Task objective -
The expected answer is the data below, retyped exactly.

Saved data entries:
------------------------------------
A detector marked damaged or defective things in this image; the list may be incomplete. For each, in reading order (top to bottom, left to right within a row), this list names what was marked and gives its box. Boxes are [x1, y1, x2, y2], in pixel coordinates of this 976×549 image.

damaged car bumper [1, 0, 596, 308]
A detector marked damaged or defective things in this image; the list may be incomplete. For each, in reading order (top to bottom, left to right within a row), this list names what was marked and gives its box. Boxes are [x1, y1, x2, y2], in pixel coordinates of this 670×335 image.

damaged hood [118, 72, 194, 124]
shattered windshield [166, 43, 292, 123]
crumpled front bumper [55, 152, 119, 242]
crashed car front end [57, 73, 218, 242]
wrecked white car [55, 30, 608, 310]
------------------------------------
Exercise output -
A detector marked damaged or defective things in this image; the list may be incomplete. For each, in reading order (top to bottom, left to right within a row), this list names what was marked and gives its box. Boxes are [x1, y1, x2, y2], in pixel coordinates of this 976×549 image.

damaged car bumper [1, 0, 596, 308]
A detector marked damaged or defective things in this image; the list may be incomplete. For each, in reading order (top to bottom, left to right within a row), this list names what was marked and gives its box. Boxes are [x1, y1, x2, y2], in pixel coordinates of this 670×335 image.

damaged hood [118, 72, 194, 124]
shattered windshield [166, 43, 292, 123]
crumpled front bumper [55, 152, 119, 242]
crashed car front end [57, 73, 218, 242]
wrecked white car [55, 30, 608, 310]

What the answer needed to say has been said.